**EXERCISE**. Each line below should be retyped exactly, with no pictures.
=== SUPPLIED INFORMATION ===
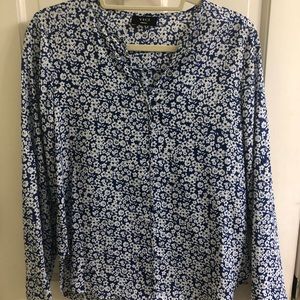 Vici blue & white mock button down top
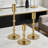 Modern Brass Candlestick Holders Set Of 3, Elegant Gold Candle Holders For Table, Mantel, Wedding, And Home Decor With Weighted Base For Stability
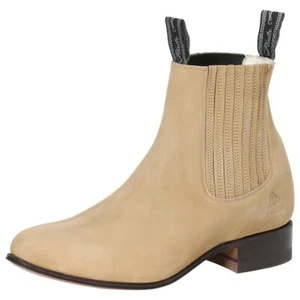 Men's Nubuck Leather Classic Charro Ankle Boots 'El Canelo' Sand Color 228 - Picture 1 of 9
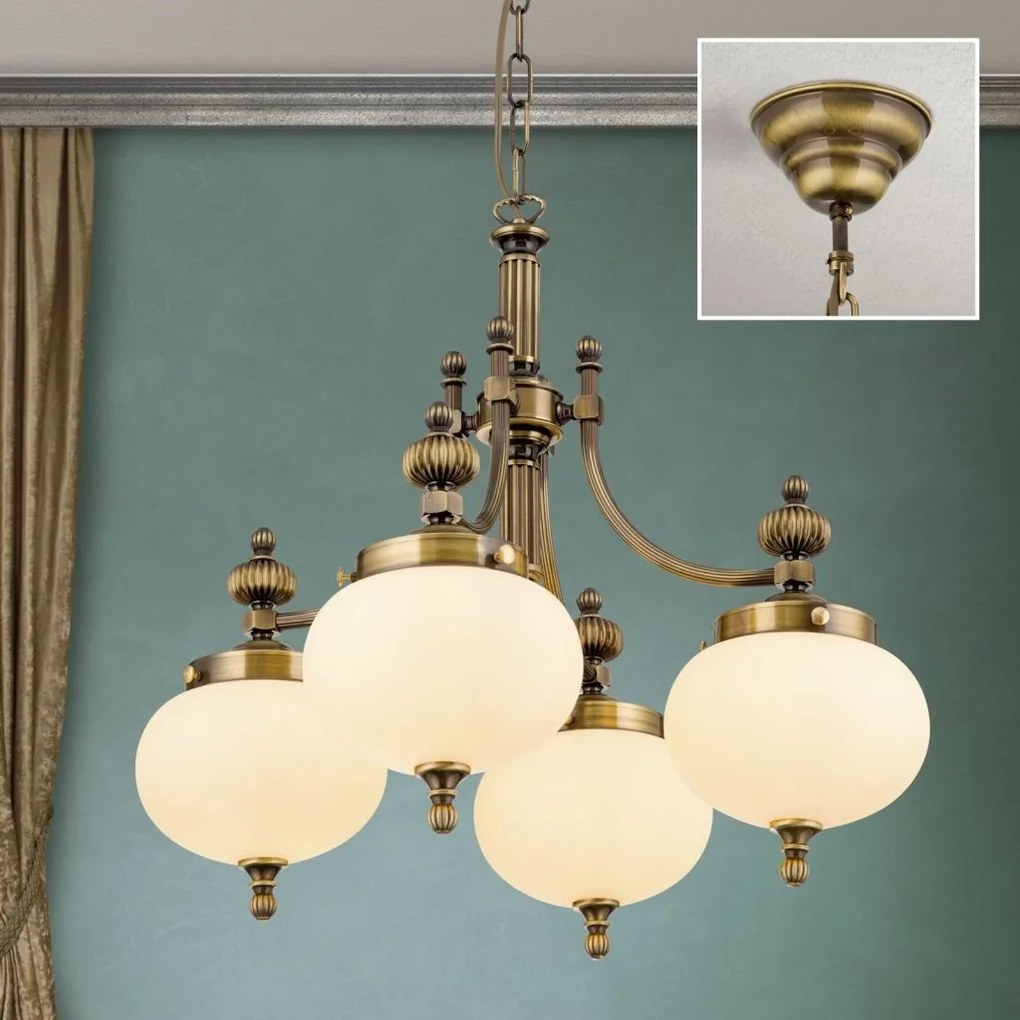 Lustra suspendata eleganta stil clasic Nostalgie 4L patina/ champagne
===
**RESPONSE AREA**.
 Vici blue & white mock button down top
 Modern Brass Candlestick Holders Set Of 3, Elegant Gold Candle Holders For Table, Mantel, Wedding, And Home Decor With Weighted Base For Stability
 Men's Nubuck Leather Classic Charro Ankle Boots 'El Canelo' Sand Color 228 - Picture 1 of 9
 Lustra suspendata eleganta stil clasic Nostalgie 4L patina/ champagne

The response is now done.